[What you are asked to do]: How do the lines below between the ones holding "bodysuit, chest_tattoo, cornrows" and "MB7370 - Polo", inclusive, read? Give them again exactly, with no other lines.

[Collected data entries]:

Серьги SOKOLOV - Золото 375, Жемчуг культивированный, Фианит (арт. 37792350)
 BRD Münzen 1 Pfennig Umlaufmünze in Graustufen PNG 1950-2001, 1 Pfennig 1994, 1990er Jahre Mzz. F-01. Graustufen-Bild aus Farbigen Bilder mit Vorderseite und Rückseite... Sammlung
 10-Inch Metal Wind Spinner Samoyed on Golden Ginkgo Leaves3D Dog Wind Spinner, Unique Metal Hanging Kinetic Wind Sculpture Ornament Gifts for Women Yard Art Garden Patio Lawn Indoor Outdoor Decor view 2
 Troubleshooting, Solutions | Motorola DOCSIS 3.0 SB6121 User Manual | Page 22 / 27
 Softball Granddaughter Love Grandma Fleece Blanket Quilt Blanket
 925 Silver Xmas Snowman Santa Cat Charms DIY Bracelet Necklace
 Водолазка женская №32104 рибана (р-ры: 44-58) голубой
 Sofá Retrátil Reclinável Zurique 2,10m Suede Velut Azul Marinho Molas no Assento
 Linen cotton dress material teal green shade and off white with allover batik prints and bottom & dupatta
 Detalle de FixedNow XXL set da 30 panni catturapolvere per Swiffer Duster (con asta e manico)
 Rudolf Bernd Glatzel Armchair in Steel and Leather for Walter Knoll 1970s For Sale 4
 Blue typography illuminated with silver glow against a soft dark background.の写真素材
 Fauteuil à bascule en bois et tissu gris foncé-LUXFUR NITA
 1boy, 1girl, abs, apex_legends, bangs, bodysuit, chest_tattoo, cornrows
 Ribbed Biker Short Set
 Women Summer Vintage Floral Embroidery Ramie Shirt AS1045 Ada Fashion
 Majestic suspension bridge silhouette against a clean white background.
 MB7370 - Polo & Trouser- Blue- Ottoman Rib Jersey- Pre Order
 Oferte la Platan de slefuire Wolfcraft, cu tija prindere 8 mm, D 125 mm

[Solution below]:
 1boy, 1girl, abs, apex_legends, bangs, bodysuit, chest_tattoo, cornrows
 Ribbed Biker Short Set
 Women Summer Vintage Floral Embroidery Ramie Shirt AS1045 Ada Fashion
 Majestic suspension bridge silhouette against a clean white background.
 MB7370 - Polo & Trouser- Blue- Ottoman Rib Jersey- Pre Order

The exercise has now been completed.